Distraction a leading cause of crashes: AAMI
Most types of road accident are increasing, with driver distraction largely to blame, according to AAMI’s annual crash index.
People taking their eyes off the road or trying to “multi-task” are the most common causes of accidents, the insurer says.
The NT had the dubious distinction of recording the highest proportion of collisions with a stationary object last financial year, at 31% of accidents.
Tasmania was next on 29%, with SA at 24%. Nationally, 18% of all crashes involved a stationary object, down on previous years. Collisions with animals also declined.
Nose-to-tail collisions were the most common accidents, accounting for 31% of the total.
Victoria had the highest percentage at 33%. Rear-ending commonly occurs in highly congested areas in peak-hour traffic. The national average was 31%.

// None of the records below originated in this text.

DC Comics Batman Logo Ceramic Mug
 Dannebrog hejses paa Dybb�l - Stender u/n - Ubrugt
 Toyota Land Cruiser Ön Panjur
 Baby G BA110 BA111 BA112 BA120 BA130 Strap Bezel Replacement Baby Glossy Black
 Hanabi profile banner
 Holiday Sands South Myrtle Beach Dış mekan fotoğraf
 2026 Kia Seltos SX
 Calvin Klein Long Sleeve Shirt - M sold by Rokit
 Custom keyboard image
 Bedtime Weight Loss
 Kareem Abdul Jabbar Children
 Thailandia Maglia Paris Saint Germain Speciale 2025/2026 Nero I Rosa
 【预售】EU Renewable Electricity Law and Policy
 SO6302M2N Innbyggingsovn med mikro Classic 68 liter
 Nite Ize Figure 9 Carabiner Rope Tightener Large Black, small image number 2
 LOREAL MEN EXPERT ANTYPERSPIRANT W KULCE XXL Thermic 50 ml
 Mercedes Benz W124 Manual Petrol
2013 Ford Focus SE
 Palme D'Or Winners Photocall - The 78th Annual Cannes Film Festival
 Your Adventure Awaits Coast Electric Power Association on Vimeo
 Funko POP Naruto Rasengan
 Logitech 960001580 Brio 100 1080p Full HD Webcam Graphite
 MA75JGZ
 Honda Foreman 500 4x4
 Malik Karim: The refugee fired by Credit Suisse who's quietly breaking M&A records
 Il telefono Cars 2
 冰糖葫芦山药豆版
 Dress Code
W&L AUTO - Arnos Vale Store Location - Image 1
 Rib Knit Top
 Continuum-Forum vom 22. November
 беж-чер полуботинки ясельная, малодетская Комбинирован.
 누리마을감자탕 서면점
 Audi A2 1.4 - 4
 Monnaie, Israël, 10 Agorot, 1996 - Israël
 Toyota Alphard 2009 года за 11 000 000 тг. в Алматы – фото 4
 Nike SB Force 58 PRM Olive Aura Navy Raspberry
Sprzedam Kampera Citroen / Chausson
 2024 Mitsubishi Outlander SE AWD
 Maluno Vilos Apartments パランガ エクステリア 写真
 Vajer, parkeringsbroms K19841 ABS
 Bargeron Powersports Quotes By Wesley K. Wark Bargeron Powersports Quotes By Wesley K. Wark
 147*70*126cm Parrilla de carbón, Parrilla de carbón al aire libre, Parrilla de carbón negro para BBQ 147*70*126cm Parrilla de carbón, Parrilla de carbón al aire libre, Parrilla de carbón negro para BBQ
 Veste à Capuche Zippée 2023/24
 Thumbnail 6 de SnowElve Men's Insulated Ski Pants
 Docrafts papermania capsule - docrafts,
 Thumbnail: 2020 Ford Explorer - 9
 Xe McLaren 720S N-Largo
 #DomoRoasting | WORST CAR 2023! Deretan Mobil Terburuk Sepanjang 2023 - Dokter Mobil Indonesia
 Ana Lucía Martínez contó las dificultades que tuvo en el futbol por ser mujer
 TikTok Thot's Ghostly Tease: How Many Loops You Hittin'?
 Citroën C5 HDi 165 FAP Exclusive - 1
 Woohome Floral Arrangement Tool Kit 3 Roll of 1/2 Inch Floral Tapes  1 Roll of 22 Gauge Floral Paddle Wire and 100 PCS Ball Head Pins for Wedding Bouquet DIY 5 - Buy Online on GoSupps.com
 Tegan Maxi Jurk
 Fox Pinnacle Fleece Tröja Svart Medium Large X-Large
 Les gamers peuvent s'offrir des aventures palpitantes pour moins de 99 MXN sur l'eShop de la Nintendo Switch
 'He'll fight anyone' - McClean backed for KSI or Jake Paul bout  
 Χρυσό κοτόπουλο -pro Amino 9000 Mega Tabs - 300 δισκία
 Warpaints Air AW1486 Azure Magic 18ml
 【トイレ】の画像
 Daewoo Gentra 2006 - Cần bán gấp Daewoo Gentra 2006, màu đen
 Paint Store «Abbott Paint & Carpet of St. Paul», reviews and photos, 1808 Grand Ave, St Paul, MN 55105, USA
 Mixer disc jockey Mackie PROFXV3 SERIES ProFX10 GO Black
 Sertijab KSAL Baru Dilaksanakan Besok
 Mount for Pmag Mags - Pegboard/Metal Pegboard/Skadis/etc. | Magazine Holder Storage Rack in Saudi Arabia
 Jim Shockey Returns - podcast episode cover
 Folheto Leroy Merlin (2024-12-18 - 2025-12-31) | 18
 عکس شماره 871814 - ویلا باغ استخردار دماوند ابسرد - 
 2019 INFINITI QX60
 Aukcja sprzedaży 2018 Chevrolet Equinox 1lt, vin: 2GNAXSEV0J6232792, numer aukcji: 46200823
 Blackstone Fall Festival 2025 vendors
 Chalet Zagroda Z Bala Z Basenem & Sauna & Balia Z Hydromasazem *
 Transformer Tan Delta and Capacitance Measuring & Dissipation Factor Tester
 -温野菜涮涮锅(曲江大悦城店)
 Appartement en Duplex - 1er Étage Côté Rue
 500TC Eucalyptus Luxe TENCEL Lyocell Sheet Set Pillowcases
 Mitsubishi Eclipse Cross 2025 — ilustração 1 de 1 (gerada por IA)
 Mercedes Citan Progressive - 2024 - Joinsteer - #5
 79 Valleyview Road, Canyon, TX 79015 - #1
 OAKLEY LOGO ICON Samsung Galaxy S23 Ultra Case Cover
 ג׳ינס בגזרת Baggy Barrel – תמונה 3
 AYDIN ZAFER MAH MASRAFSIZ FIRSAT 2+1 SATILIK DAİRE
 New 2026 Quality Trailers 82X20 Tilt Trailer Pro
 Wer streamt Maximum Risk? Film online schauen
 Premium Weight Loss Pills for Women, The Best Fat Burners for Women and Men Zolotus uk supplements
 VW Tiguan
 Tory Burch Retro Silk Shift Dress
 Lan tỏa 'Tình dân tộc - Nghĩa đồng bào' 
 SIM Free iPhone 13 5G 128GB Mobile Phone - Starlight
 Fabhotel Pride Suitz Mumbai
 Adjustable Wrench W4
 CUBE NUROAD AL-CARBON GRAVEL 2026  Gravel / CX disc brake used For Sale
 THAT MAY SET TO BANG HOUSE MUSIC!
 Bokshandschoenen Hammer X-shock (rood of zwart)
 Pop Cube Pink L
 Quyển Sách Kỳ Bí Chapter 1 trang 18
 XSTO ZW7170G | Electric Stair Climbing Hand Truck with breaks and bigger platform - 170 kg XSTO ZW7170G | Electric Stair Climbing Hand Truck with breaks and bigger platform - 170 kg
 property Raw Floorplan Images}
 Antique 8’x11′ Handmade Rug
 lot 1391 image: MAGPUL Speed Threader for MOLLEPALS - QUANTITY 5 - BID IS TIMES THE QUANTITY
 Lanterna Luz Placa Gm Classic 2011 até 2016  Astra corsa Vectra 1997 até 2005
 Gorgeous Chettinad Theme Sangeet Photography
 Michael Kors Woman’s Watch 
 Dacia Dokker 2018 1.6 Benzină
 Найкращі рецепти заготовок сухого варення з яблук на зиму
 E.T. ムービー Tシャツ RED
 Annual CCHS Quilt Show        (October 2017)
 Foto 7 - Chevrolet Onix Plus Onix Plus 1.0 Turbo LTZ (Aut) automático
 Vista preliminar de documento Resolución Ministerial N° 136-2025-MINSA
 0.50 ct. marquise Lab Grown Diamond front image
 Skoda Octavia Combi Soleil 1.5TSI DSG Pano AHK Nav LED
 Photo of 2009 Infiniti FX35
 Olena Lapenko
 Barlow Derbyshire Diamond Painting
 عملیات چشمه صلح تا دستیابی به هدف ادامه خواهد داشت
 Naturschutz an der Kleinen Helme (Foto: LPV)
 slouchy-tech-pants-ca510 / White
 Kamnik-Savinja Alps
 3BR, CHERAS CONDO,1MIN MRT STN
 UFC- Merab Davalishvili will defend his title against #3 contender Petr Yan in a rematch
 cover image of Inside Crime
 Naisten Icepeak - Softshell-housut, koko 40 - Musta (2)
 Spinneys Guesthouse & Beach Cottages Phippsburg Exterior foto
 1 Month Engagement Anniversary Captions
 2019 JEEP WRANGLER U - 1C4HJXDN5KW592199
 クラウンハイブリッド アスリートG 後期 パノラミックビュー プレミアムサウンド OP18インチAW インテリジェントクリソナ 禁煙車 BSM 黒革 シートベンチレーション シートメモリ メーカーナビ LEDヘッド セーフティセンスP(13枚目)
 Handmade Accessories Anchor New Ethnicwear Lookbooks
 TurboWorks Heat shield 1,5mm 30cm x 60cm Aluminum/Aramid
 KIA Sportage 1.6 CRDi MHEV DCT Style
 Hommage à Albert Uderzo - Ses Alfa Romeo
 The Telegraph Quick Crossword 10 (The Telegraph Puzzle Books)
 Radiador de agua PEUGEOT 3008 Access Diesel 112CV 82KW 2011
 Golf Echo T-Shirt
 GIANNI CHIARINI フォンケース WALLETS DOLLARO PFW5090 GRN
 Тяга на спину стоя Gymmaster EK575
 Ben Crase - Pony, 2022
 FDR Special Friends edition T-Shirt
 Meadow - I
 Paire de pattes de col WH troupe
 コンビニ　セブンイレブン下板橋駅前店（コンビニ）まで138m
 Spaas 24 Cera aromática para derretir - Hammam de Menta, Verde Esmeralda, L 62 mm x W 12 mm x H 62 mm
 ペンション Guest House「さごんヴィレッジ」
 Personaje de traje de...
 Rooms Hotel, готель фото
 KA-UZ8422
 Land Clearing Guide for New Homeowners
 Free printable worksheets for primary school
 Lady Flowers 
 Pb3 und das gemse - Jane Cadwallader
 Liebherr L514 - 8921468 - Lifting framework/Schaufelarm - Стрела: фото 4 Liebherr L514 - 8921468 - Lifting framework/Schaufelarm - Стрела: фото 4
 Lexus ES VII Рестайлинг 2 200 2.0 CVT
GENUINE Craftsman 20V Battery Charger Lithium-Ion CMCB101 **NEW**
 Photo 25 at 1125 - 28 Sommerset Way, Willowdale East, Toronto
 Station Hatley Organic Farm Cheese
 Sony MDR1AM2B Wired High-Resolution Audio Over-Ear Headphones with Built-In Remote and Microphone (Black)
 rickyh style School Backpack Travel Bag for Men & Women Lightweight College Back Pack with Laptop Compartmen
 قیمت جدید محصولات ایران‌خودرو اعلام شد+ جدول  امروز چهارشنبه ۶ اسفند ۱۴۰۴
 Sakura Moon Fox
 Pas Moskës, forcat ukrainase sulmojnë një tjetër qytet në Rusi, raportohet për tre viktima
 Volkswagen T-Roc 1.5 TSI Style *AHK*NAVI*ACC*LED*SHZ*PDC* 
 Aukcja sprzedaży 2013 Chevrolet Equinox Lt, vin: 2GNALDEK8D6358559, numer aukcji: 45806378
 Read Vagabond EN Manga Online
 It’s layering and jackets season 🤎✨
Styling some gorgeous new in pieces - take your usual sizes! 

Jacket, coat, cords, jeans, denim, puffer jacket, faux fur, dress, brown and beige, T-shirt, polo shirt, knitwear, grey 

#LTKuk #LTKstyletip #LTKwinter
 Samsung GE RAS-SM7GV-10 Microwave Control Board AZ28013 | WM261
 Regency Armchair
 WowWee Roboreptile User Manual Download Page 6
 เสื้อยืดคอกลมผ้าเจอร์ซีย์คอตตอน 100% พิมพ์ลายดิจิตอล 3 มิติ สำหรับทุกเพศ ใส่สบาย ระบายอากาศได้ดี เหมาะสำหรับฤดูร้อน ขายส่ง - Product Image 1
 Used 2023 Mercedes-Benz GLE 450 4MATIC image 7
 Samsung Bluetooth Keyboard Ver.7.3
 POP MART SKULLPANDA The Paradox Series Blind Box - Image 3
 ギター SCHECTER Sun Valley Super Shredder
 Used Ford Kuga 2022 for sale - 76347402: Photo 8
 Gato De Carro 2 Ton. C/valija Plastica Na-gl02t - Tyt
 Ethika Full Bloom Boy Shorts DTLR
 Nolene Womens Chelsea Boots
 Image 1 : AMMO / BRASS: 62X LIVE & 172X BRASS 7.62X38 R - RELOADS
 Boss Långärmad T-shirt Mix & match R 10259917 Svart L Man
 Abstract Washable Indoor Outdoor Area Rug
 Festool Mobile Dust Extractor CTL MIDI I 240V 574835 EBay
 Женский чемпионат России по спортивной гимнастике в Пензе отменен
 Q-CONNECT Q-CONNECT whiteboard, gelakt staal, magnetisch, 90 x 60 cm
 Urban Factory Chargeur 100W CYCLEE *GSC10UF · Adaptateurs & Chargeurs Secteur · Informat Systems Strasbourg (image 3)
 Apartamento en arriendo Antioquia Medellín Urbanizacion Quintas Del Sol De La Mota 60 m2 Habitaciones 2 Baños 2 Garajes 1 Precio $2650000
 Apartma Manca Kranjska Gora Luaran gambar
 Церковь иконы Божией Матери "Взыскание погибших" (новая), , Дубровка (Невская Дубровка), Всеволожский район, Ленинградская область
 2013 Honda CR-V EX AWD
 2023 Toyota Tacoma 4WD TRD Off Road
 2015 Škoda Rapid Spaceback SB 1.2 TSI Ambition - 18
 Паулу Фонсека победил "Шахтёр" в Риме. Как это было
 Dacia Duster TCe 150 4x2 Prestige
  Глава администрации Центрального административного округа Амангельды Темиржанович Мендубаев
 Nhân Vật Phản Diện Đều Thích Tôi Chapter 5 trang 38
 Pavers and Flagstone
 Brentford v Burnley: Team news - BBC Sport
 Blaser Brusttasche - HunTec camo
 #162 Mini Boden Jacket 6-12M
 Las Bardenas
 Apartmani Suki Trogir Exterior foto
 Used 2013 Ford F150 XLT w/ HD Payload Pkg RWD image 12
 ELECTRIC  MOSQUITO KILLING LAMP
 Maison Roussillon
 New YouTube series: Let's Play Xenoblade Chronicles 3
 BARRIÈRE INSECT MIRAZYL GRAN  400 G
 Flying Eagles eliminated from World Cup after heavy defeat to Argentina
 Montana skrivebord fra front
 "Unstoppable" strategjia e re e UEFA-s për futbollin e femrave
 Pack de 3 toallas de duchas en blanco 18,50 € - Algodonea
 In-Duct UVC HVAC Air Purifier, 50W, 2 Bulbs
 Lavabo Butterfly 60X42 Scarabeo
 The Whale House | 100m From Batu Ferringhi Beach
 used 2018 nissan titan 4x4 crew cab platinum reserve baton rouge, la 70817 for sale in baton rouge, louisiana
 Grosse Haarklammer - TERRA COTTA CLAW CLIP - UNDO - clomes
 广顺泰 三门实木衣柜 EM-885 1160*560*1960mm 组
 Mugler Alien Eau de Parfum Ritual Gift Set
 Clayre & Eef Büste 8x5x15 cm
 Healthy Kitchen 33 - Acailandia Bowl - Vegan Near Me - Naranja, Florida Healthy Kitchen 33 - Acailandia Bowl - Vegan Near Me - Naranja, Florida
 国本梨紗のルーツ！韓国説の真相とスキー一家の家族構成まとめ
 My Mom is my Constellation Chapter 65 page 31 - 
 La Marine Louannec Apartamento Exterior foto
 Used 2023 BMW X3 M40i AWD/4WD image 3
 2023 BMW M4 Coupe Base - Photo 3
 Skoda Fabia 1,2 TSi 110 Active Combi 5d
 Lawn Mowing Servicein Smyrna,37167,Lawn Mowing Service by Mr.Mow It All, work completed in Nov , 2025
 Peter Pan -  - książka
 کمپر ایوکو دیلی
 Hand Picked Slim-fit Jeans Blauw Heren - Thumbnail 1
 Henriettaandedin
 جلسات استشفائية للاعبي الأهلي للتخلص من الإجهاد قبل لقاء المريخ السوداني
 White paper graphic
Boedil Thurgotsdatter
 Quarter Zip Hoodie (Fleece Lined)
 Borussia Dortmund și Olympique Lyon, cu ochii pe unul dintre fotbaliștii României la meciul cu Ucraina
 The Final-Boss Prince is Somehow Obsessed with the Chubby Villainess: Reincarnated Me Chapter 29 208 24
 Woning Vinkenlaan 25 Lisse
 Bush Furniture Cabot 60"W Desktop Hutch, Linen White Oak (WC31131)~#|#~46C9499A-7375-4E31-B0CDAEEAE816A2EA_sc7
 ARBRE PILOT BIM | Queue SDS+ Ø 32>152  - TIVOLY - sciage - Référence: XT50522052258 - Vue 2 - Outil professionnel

AAMI analysed more than 360,000 accidents last financial year.
About 26% of car accidents in NSW were caused by drivers failing to give way to other road users, the highest in the country. Victoria was second at 25% and the national average was 23%. The index links this behaviour to impatient driving and lapses in judgment.
About 12% of collisions happened while reversing, 8% of crashes involved a parked car and 6% an animal.
Some 16% of all accidents were on Fridays, the most common day of the week for crashes.